▶ [BRIEF]:
Work out how many lines of the entries have the word "from" in them. Respond with that number only.

** DATA SUPPLIED follows **

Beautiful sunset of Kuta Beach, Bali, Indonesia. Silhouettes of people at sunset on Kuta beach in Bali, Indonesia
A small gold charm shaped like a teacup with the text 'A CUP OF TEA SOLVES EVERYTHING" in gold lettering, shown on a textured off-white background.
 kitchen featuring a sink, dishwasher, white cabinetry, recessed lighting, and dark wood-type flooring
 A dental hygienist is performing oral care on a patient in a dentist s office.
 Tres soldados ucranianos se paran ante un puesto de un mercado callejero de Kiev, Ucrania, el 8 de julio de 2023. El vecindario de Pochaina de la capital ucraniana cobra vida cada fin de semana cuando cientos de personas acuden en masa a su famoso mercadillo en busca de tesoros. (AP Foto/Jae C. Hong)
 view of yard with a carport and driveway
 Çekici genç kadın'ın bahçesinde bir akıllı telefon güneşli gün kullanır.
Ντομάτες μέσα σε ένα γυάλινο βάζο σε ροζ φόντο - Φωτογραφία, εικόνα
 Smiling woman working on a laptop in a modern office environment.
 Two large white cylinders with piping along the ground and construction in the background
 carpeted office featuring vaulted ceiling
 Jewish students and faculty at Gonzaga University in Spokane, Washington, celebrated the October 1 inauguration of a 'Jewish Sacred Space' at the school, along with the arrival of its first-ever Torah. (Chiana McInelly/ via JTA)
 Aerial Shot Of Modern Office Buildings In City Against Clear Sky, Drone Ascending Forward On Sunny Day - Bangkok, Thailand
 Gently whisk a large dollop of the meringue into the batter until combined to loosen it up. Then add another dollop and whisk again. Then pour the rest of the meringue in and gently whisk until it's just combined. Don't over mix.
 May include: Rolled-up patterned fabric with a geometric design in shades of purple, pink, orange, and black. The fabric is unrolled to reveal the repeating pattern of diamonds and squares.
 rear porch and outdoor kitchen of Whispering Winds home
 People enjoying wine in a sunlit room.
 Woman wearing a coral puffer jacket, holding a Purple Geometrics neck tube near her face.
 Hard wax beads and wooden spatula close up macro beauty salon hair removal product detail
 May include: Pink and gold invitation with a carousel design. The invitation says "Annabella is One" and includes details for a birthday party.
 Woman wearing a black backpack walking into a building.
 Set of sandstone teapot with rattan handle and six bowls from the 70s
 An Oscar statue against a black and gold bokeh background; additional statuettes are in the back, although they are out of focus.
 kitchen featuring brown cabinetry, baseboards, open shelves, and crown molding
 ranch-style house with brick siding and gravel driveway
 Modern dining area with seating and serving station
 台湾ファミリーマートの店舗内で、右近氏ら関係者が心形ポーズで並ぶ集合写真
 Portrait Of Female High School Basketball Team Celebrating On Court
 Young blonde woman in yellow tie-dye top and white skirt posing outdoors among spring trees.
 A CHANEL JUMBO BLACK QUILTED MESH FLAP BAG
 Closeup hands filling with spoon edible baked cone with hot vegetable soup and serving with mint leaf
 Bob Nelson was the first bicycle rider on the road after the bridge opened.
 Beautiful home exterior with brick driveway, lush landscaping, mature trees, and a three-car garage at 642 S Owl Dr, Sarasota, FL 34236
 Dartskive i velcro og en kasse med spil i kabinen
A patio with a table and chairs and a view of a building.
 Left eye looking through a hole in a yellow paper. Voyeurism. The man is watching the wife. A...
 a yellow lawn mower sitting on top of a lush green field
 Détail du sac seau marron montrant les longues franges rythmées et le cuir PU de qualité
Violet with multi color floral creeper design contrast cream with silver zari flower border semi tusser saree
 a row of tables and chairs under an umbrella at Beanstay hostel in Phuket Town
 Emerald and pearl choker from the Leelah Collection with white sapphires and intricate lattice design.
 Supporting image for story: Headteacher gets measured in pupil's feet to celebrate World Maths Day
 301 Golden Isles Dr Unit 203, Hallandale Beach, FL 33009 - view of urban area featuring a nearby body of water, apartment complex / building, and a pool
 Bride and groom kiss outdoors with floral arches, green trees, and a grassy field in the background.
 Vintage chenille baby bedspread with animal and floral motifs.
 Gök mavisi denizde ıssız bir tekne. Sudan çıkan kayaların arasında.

** End of DATA SUPPLIED **

▶ [RESULT OF THIS TASK]:
2